Short text fragments from websites:
========================

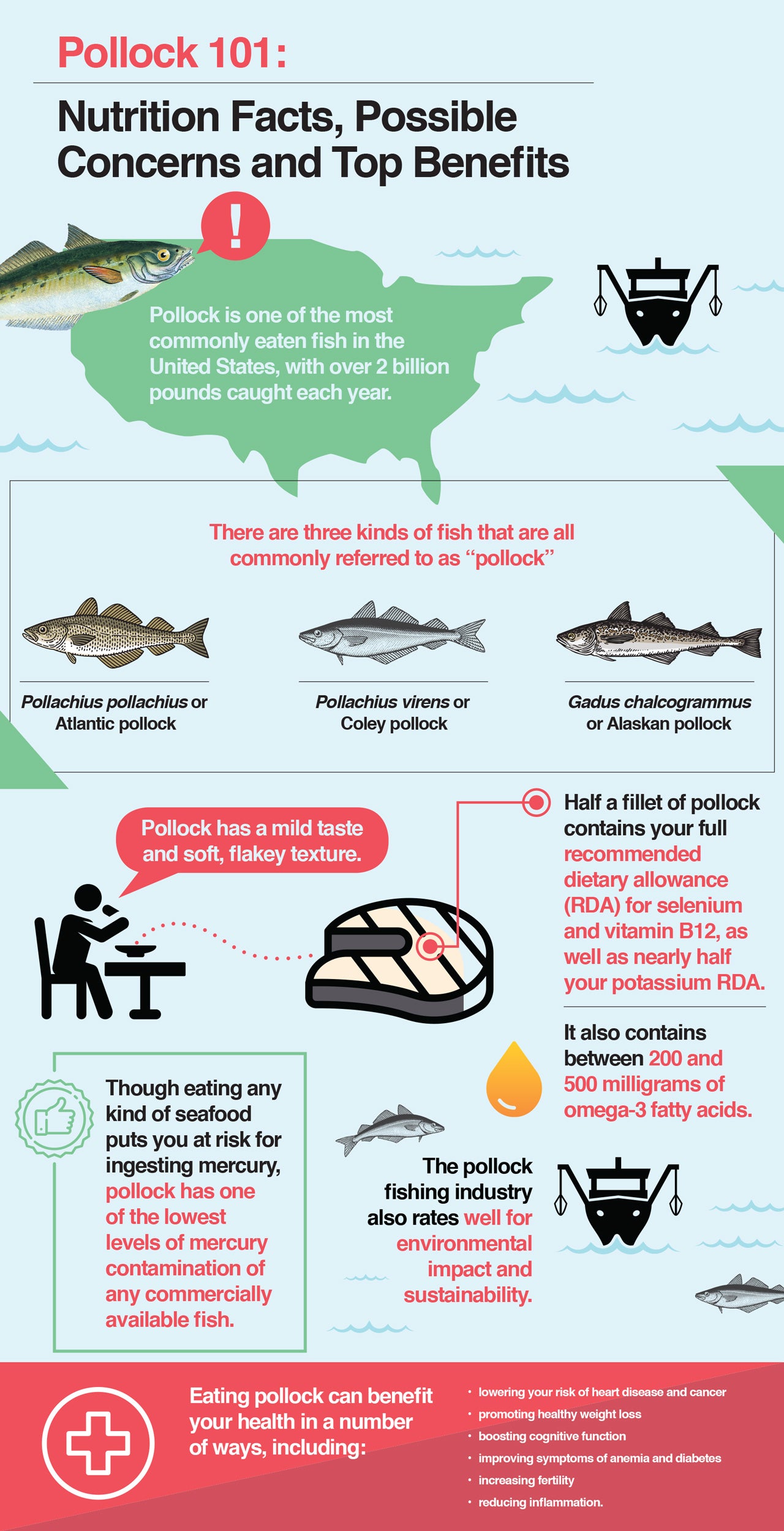 Here are the nutritional values and concerns of consuming Pollock.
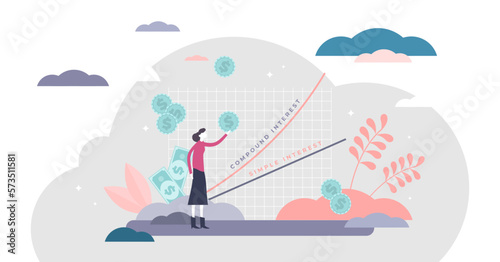Simple vs compound interest concept, flat tiny person illustration, transparent background. Income growth principle and investing business strategy. Abstract progress growth line on stylized graph.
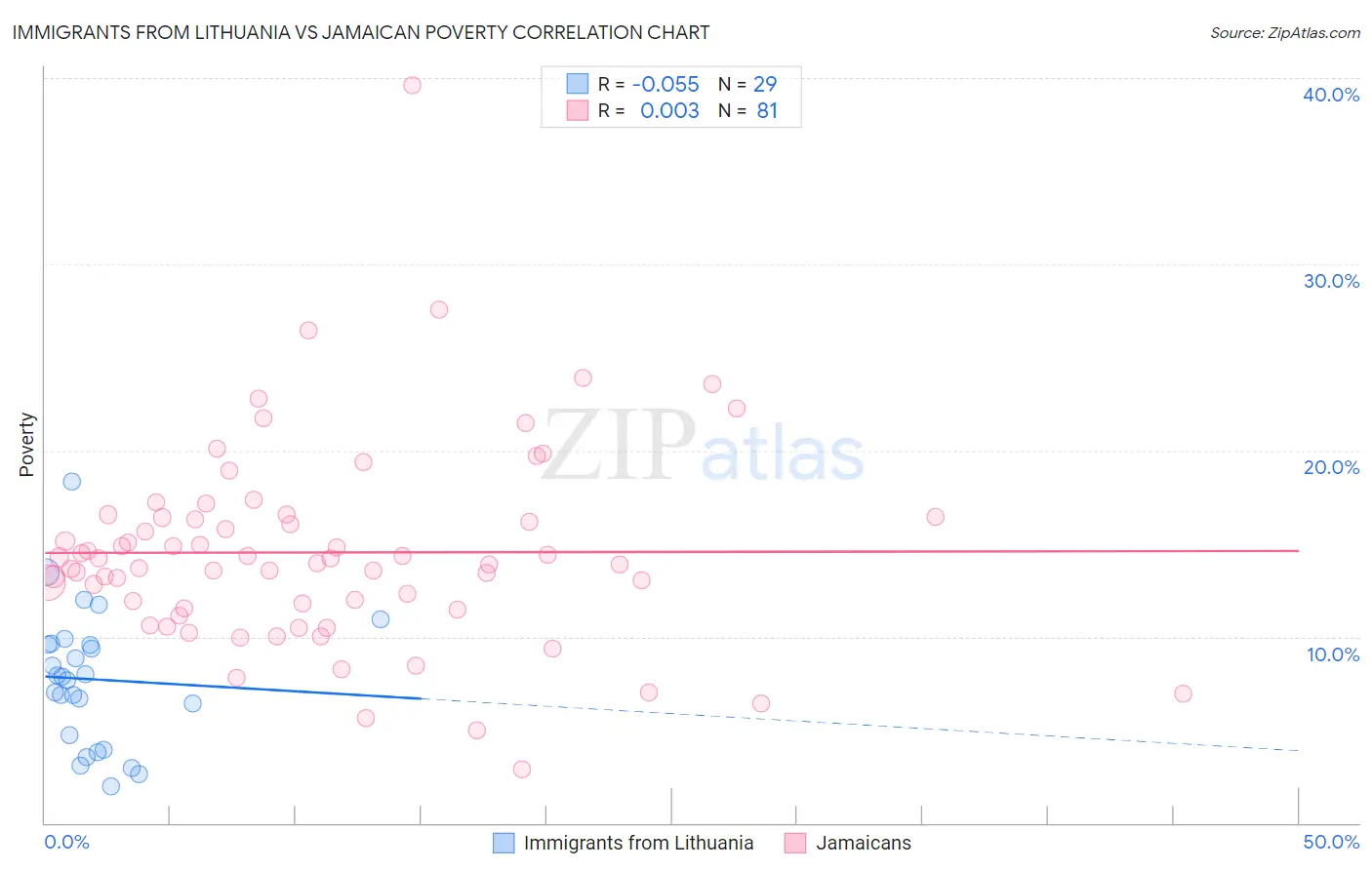 Immigrants from Lithuania vs Jamaican Poverty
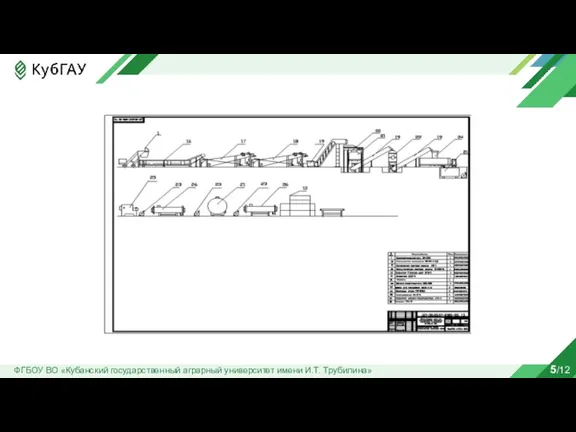 ФГБОУ ВО «Кубанский государственный аграрный университет имени И.Т. Трубилина» 5/12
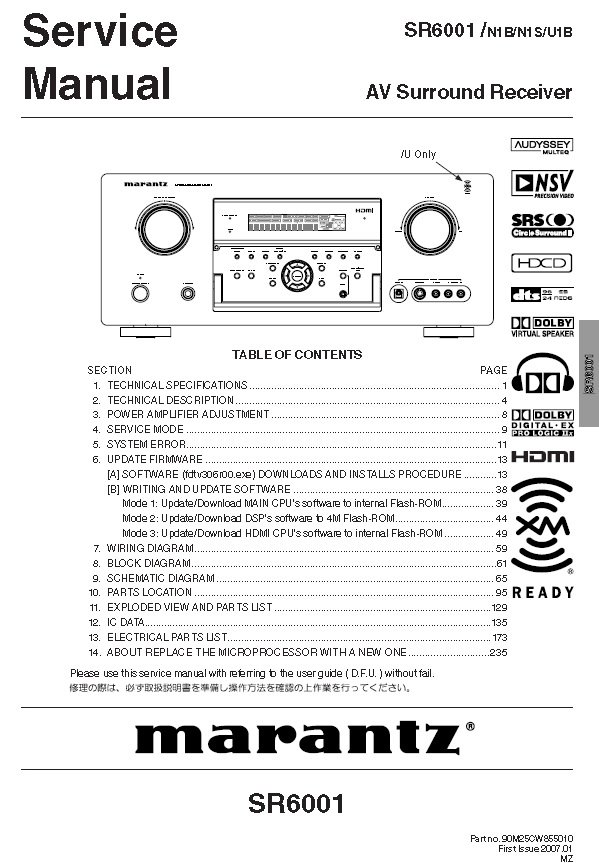 Marantz SR-6001 Service Manual PDF (SBTMR11188)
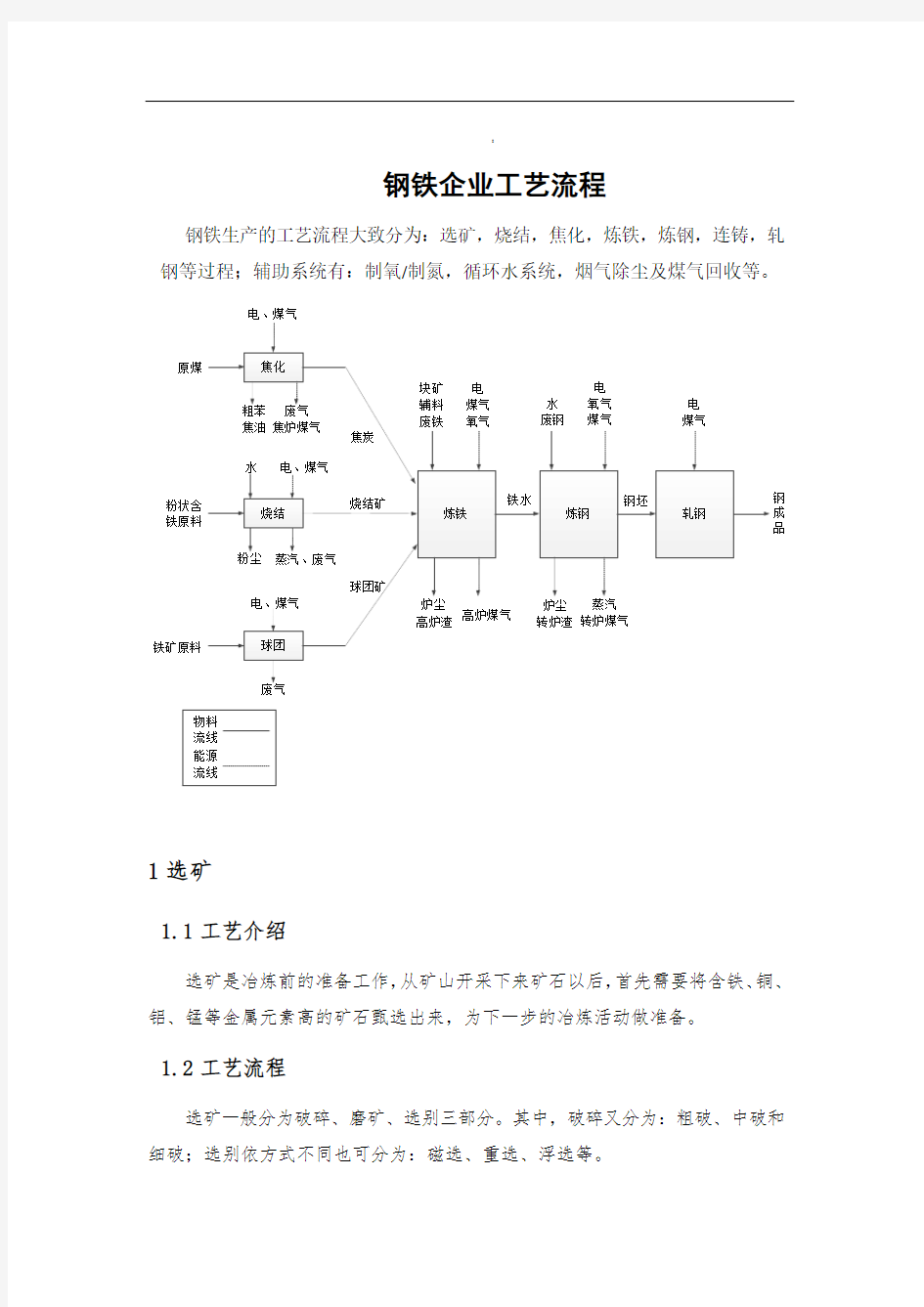 钢铁企业工艺流程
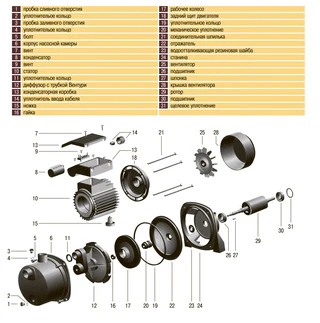 Насос відцентровий Optima JET 80S 0,8кВт нержавійка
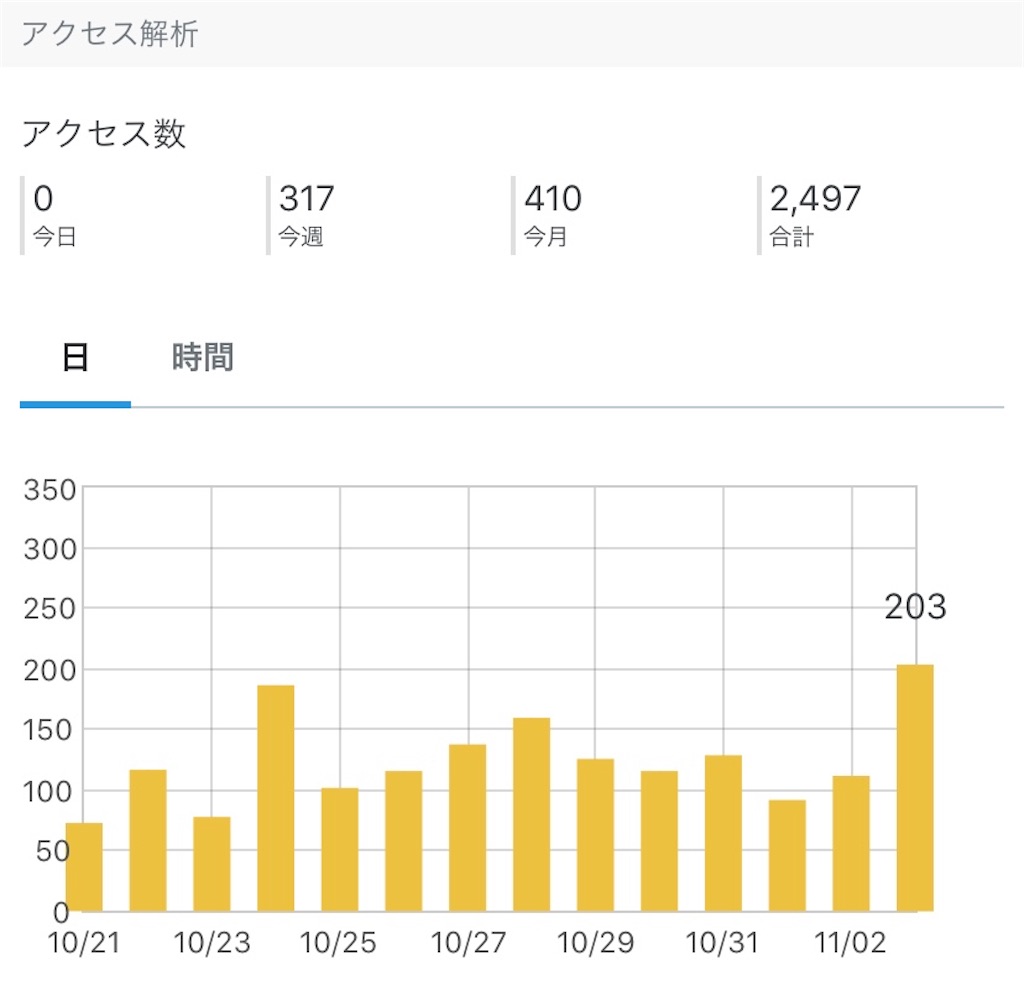f:id:Lunapimu:20201104002448j:image f:id:Lunapimu:20201104002448j:image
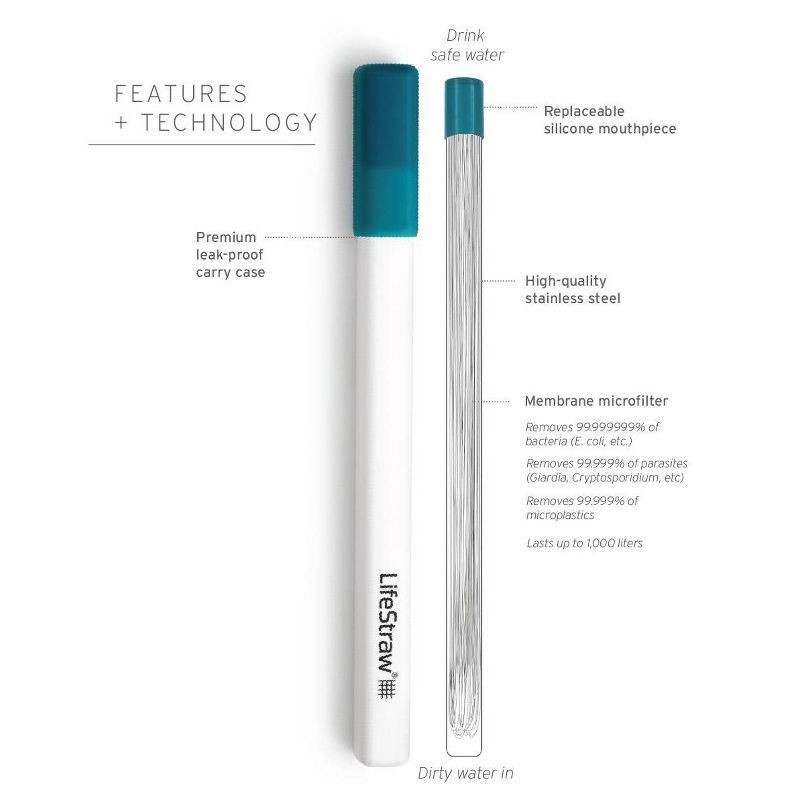 slide 3 of 4, LifeStraw Sip Reusable Stainless Steel Water Filter Straw 3pk with 3 Cases Stormy/Laguna/Midnight, 3 ct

========================

WHAT TO DO. Print the records above exactly as they stand, but leave out the pictures.

OUTPUT FOR THIS TASK.
 Here are the nutritional values and concerns of consuming Pollock.
Simple vs compound interest concept, flat tiny person illustration, transparent background. Income growth principle and investing business strategy. Abstract progress growth line on stylized graph.
 Immigrants from Lithuania vs Jamaican Poverty
 ФГБОУ ВО «Кубанский государственный аграрный университет имени И.Т. Трубилина» 5/12
 Marantz SR-6001 Service Manual PDF (SBTMR11188)
 钢铁企业工艺流程
 Насос відцентровий Optima JET 80S 0,8кВт нержавійка
f:id:Lunapimu:20201104002448j:image f:id:Lunapimu:20201104002448j:image
 slide 3 of 4, LifeStraw Sip Reusable Stainless Steel Water Filter Straw 3pk with 3 Cases Stormy/Laguna/Midnight, 3 ct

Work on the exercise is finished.